Als we onszelf leren kennen, dan worden wij van niemand zo bang, als van onszelf! Onze val is zó diep dat het met geen woorden is uit te drukken. We lezen zelfs van Job:"In dit alles zondigde Job met zijn lippen niet", Job 1:22. Uitwendig sprak hij wel de waarheid, op zijn belijdenis was niets aan te merken, maar vanbinnen was het niet meer als eerst. Het begon in zijn ziel te stormen, het vlees begon te redeneren en de strijd tussen vlees en Geest begon zich meer en meer te ontwikkelen.
Het is zulk een groot voorrecht wanneer de hoogheid Gods op ons hart gebonden wordt.
Als wij dan denken aan de geest die er uitgaat in onze dagen, ook op godsdienstig gebied, dan moeten wij wel zeggen: Wat een bedrog, wat een misleiding voor de eeuwigheid! Dat een mens tot God bekeerd moet worden, geroepen uit de dood tot het leven, afgesneden van Adam en ingelijfd in Christus, verloren moet gaan omdat hij verloren ligt, om behouden te worden door Christus. Dit eenzijdige werk Gods wordt praktisch miskend, en het zalig worden wordt gelegd in de hand van de mens, en het soevereine werk Gods wordt verdoezeld. Het is niet anders dan een godsdienst naar de mens, waar de vrije wil zegeviert.

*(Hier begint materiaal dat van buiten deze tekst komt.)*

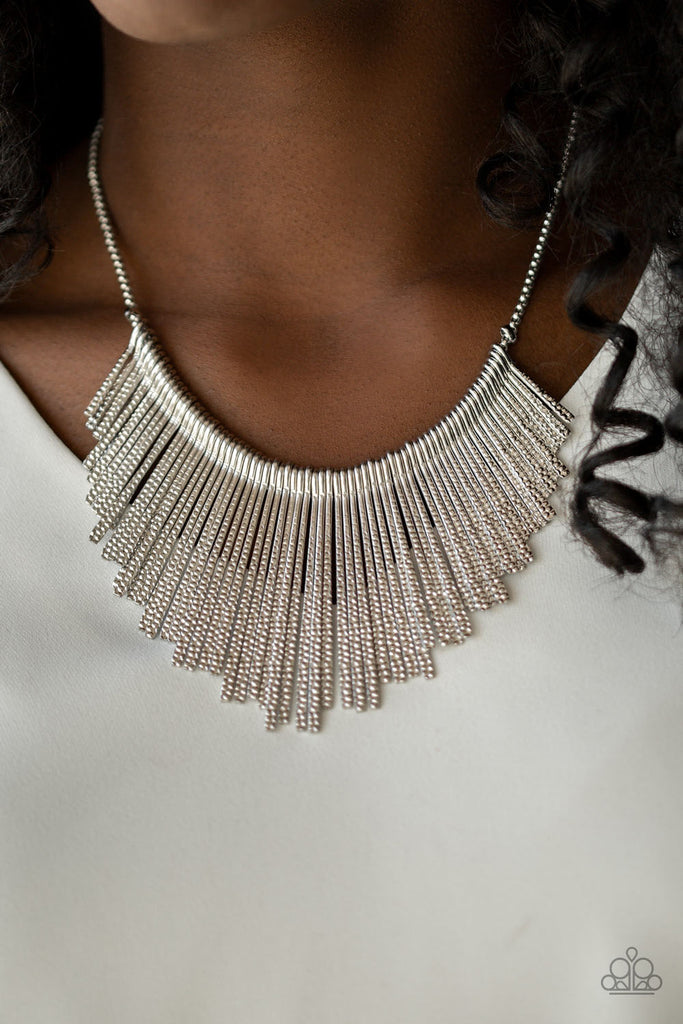 Textured silver rods flare out from the bottom of a rounded silver chain, creating a tapered fringe below the collar for a statement-making finish. Features an adjustable clasp closure.  Sold as one individual necklace. Includes one pair of matching earrings.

Ik las kortgeleden in een tijdschrift (en dat is de algemene geest) het volgende: "Ik kan zeggen dat Jezus honderd procent Heere is in mijnleven, en dat ik hem nu mag dienen en andere mensen op Jezus wijzen en tot Hem brengen, opdat hun leven ook totaal vernieuwd zal worden", enz.
De doodstaat van de mens, het volbrachte werk van Christus voor Zijn volk, en de noodzakelijke en onmisbare bediening van de Heilige Geest worden meer en meer geloochend en verloochend.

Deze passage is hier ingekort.